El carácter mutante de la crisis obliga a los dirigentes públicos a enfrentarse con variables tornadizas que atacan los diferentes flancos de una economía sin respiros. El desplome inmobiliario, la deuda externa, el sistema asistencial, el control del gasto o los ajustes fiscales son facetas de un mismo problema común que va cambiando de cara como un caleidoscopio siniestro, pero mantiene como consecuencia última una devastación social que tiene en el desempleo su expresión más amarga. En la lucha contra esa hidra multicéfala la clase dirigente olvida a menudo el rostro vivo de las víctimas, que permanecen orilladas en su desolación con riesgo serio de que se acabe cronificando su tragedia. El paro fue constante motivo de alarma mientras crecía en proporciones dramáticas, pero al estancarse ha perdido actualidad y se ha relativizado frente a las nuevas prioridades convirtiéndose en una simple preocupación recurrente, en un dato estructural. Sin embargo sigue ahí, donde estaba, en una altísima tasa inaceptable para un país desarrollado, una catástrofe que devasta los cimientos de la estabilidad y arrasa cualquier expectativa de crecimiento. Y no sólo porque sus cargas financieras arruinan el balance del Estado sino porque su coste social liquida el capital moral de la esperanza colectiva.

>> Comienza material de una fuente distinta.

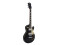 LP-520 E-Guitar, black
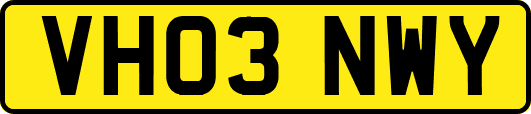 VH03NWY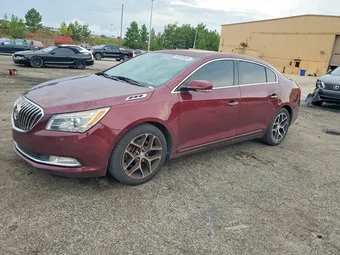 2016 Buick LaCrosse 1G4G45G32GF177958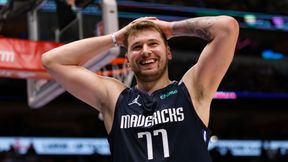 Sensacja w NBA! Doncić i Mavericks wyeliminowali faworytów do mistrzostwa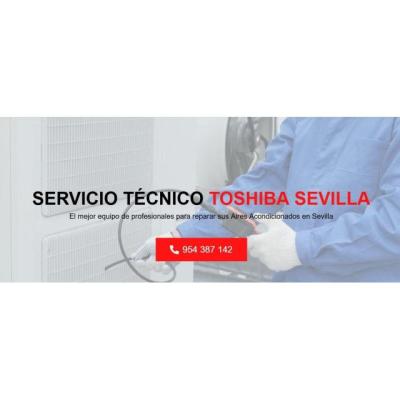 Servicio Técnico Toshiba Sevilla 954341171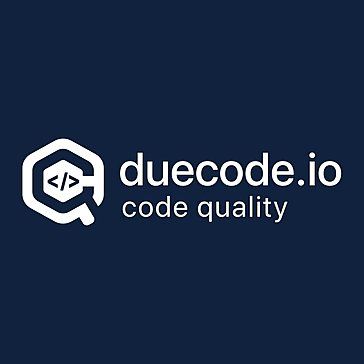 duecode 로고
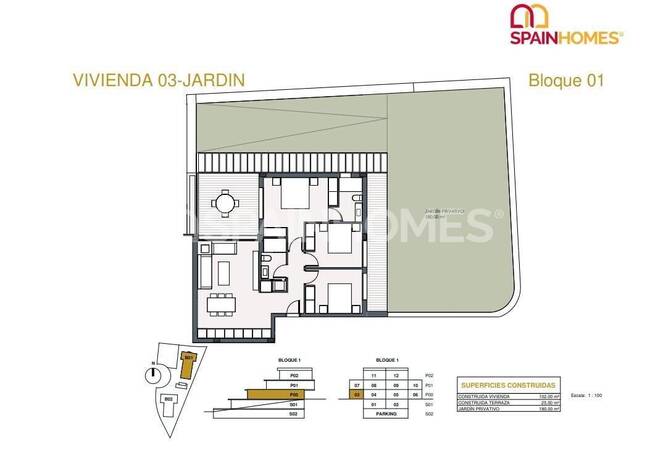 San Miguel De Salinas'ta Ayrıcalıklı Bölgede Modern Daireler 27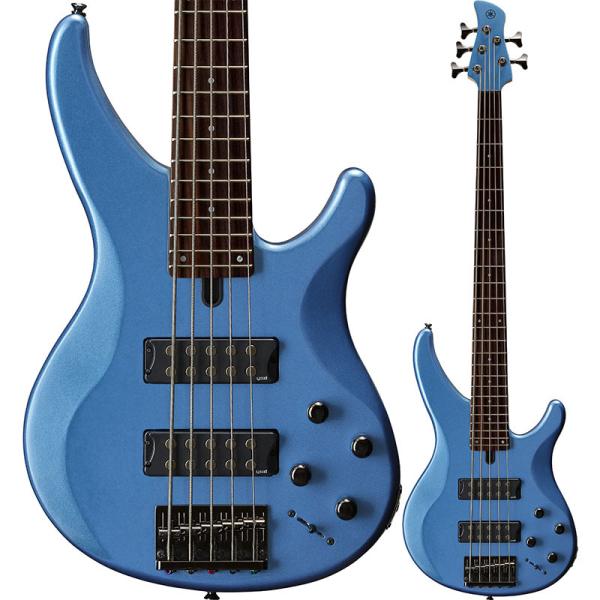 YAMAHA TRBX305 ファクトリーブルー(FTB) 5弦エレキベースギター【ヤマハ】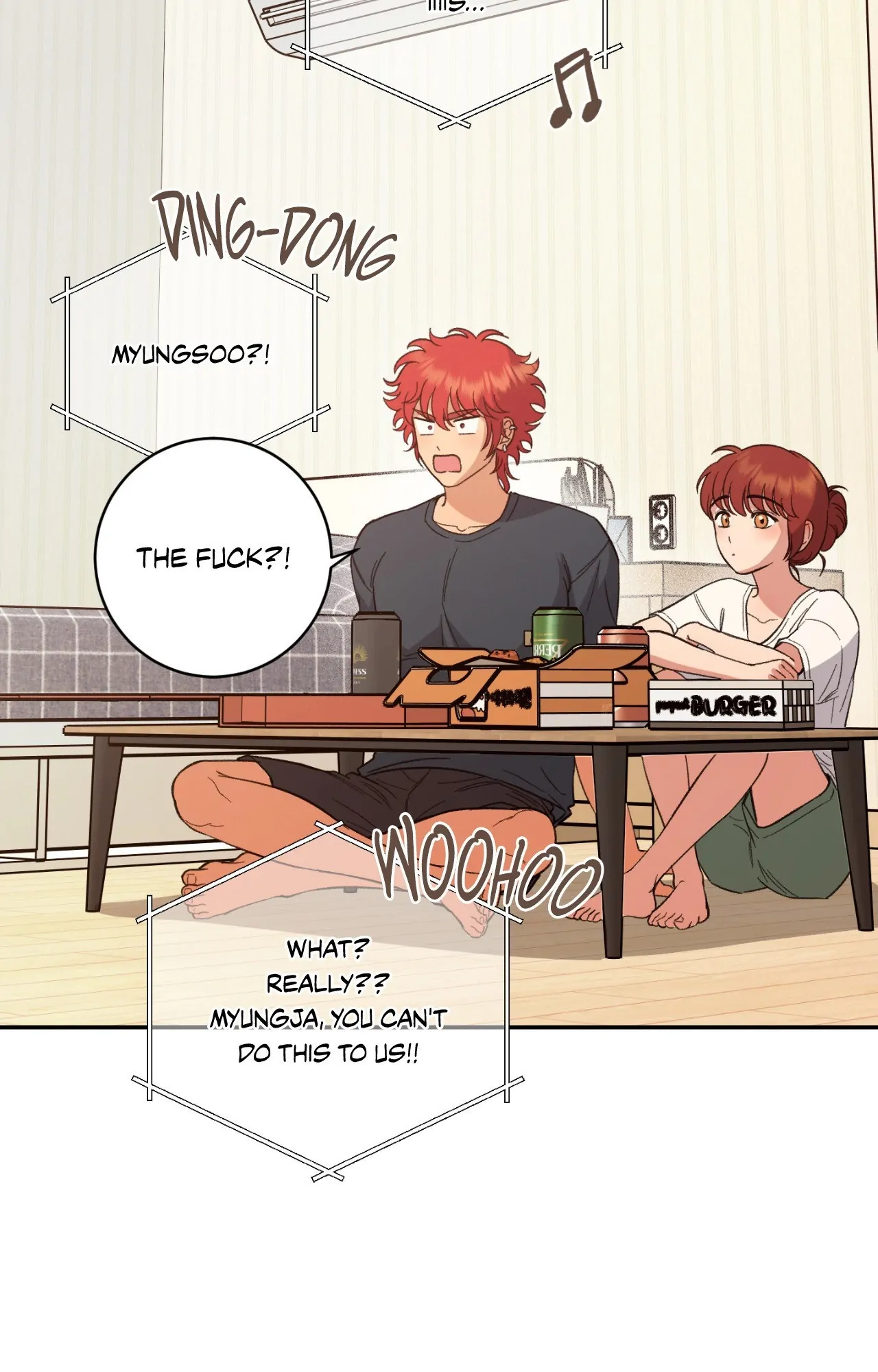 Hana's Demons of Lust Chapter 99 - page 41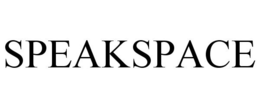SPEAKSPACE trademark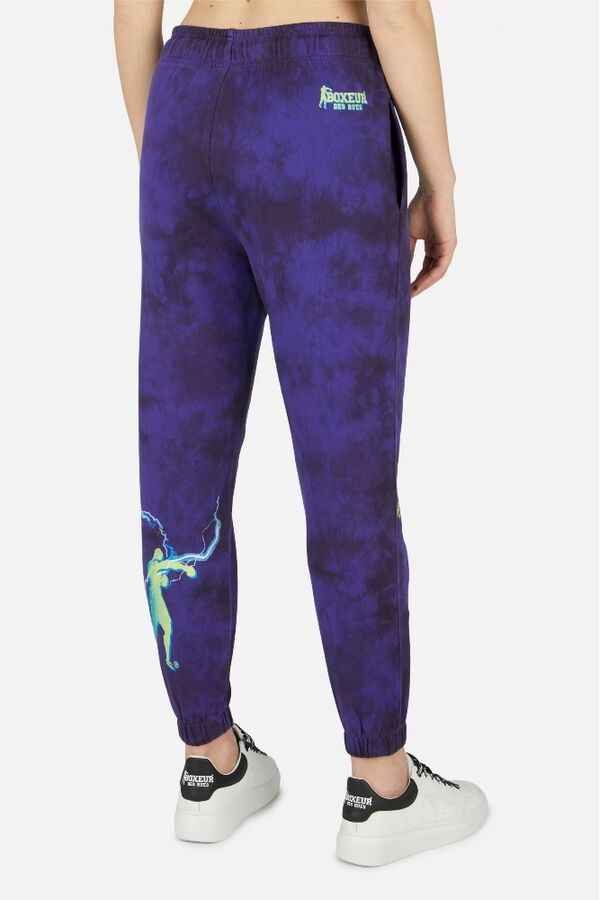 BXU1000281ARPUM-Long Sweatpants In Tie&amp;Dye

Sin esos cuatro millones de españoles arrojados extramuros del sistema productivo no hay horizonte nacional posible. Su rescate, su devolución a la dignidad del trabajo, constituye la principal prioridad de la acción política. Ha sido el Rey el encargado de recordar esta evidencia cuando la propia dimensión de su gravedad empieza a volverla transparente ante la opinión pública. No se trata del paro sino de los parados, que en medio de la voluble actualidad de una crisis inabarcable continúan esperando una respuesta.